VariationalEnsemble(
    model: nn.Module,
    likelihood: Optional[nn.Module] = None,
    learning_rate: float = 1e-3,
    prior_sigma: float = 1.0,
    auto_convert: bool = True,
    **kwargs
)

Parameters:

  • model (nn.Module): Base neural network model
  • likelihood (nn.Module, optional): Likelihood module. If None, uses GaussianLikelihood(). Default: None
  • learning_rate (float, optional): Learning rate for optimizer. Default: 1e-3
  • prior_sigma (float, optional): Prior standard deviation for Bayesian layers. Default: 1.0
  • auto_convert (bool, optional): Automatically convert Linear layers to BayesianLinear. Default: True
  • **kwargs: Additional arguments passed to parent class

Attributes:

  • prior_sigma (float): Prior standard deviation
  • learning_rate (float): Learning rate
  • likelihood (nn.Module): Likelihood module
  • optimizer (torch.optim.Optimizer): Optimizer instance (initialized during fit)
  • model (nn.Module): Bayesian model
  • is_fitted (bool): Training status flag

fit

Trains the Bayesian ensemble model.

Parameters:

  • train_loader (torch.utils.data.DataLoader): Training data loader
  • val_loader (torch.utils.data.DataLoader, optional): Validation data loader. Default: None
  • epochs (int, optional): Number of training epochs. Default: 100
  • kl_weight (float, optional): Weight for KL divergence term. Default: 0.1
  • verbose (bool, optional): Print training progress. Default: True
  • **kwargs: Additional arguments including:
  • device (str/torch.device): Device to use for training

Returns:

  • dict: Training history with keys: train_loss, nll, kl

Raises:

  • ValueError: If data loaders are improperly configured

predict

Makes predictions with uncertainty estimates using Monte Carlo sampling.

Parameters:

  • X (torch.Tensor): Input tensor of shape (batch_size, features)
  • n_samples (int, optional): Number of Monte Carlo samples. Default: 100

Returns:

  • Tuple[torch.Tensor, torch.Tensor]: Mean and standard deviation predictions

Raises:

  • RuntimeError: If model is not fitted

Note: Predictions are moved to CPU and detached from computation graph.

sample_models

Samples deterministic models from the variational posterior.

Parameters:

  • n_models (int, optional): Number of models to sample. Default: 10

Returns:

  • List[nn.Module]: List of sampled neural network models

Raises:

  • RuntimeError: If model is not fitted

Note: Each sampled model has fixed weights (sampling disabled) and is in evaluation mode.

Notes

  1. Device Management: The ensemble automatically moves models to the appropriate device during training and prediction.

  2. Sampling Behavior:

    • Training: Sampling enabled with local reparameterization
    • Prediction: Sampling enabled for MC estimates
    • Sampled models: Sampling permanently disabled (deterministic)
  3. KL Weighting: The kl_weight parameter controls the trade-off between data fit and model complexity.

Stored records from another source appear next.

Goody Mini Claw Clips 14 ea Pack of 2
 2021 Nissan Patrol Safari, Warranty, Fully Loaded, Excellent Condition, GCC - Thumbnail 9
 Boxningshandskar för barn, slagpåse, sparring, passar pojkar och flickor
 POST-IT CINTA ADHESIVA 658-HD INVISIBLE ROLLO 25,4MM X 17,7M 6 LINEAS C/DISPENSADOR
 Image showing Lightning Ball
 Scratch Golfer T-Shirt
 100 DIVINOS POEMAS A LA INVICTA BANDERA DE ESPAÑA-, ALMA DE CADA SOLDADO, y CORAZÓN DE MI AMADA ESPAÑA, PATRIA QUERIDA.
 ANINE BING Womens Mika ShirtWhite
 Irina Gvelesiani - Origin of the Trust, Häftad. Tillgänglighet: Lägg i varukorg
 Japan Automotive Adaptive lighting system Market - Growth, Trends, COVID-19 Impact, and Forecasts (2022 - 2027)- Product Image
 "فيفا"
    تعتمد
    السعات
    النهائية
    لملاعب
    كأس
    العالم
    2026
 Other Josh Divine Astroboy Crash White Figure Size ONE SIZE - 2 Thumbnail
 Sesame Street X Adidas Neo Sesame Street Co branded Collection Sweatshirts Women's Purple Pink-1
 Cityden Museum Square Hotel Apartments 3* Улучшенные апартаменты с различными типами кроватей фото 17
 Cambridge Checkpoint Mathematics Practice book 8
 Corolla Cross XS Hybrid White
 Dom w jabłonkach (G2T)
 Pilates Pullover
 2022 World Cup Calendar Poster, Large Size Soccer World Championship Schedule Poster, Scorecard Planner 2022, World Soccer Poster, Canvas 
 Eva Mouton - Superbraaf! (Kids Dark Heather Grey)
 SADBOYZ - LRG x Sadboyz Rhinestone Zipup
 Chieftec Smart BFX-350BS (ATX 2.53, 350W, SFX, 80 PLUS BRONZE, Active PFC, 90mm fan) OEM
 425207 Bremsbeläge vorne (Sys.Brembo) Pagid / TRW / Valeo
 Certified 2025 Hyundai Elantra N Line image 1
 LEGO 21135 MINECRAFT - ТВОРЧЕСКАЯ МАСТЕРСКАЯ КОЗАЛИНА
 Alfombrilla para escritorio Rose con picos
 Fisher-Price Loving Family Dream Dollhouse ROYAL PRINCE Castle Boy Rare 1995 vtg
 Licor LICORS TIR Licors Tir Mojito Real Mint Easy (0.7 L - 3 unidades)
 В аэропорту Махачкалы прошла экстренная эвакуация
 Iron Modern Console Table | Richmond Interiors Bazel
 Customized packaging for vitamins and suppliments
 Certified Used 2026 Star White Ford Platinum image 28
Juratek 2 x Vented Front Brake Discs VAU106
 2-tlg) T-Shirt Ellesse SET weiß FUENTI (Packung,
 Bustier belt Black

  4. Noise Estimation: When using GaussianLikelihood, the noise sigma is learned during training and used for prediction uncertainty.

  5. Memory: sample_models creates deep copies of the model, which may be memory intensive for large models.


LaplaceApproximation

class bensemble.methods.laplace_approximation.LaplaceApproximation

Constructor

def __init__(
    self,
    model: nn.Module,
    pretrained: bool = True,
    likelihood: str = "classification",
    verbose: bool = False,
)

Initializes the Laplace approximation ensemble.

Parameters:

  • model (nn.Module): The neural network model to apply Laplace approximation to.
  • pretrained (bool, optional): Whether the model is already trained. If False, the model will be trained during fit(). Default: True.
  • likelihood (str, optional): The type of likelihood function. Must be either "classification" or "regression". Default: "classification".
  • verbose (bool, optional): Whether to print progress information during training and posterior computation. Default: False.

Raises:

  • ValueError: If likelihood is not "classification" or "regression".

Example:

model = nn.Sequential(nn.Linear(10, 20), nn.ReLU(), nn.Linear(20, 2))
la = LaplaceApproximation(model, likelihood="classification", verbose=True)

toggle_verbose

def toggle_verbose(self) -> None

Toggles verbose mode on or off.

Example:

la.toggle_verbose()  # Turns verbose on if off, off if on

fit

def fit(
    self,
    train_loader: torch.utils.data.DataLoader,
    val_loader: Optional[torch.utils.data.DataLoader] = None,
    num_epochs: int = 100,
    lr: float = 1e-3,
    prior_precision: float = 1.0,
    num_samples: int = 1000,
) -> Dict[str, List[float]]

Trains the model (if not pretrained) and computes the Laplace approximation posterior.

Parameters:

  • train_loader (DataLoader): DataLoader for training data.
  • val_loader (DataLoader, optional): DataLoader for validation data. Currently unused but included for API consistency.
  • num_epochs (int, optional): Number of training epochs if model is not pretrained. Default: 100.
  • lr (float, optional): Learning rate for training if model is not pretrained. Default: 1e-3.
  • prior_precision (float, optional): Precision (inverse variance) of the Gaussian prior. Default: 1.0.
  • num_samples (int, optional): Number of samples to use for estimating Kronecker factors. Default: 1000.

Returns:

  • Dict[str, List[float]]: Training history containing loss values.

Example:

history = la.fit(
    train_loader=train_loader,
    num_epochs=50,
    lr=0.001,
    prior_precision=0.1,
    num_samples=500
)

compute_posterior

def compute_posterior(
    self,
    train_loader: DataLoader,
    prior_precision: float = 0.0,
    num_samples: int = 1000,
) -> None

Computes the Kronecker-factored Laplace approximation posterior.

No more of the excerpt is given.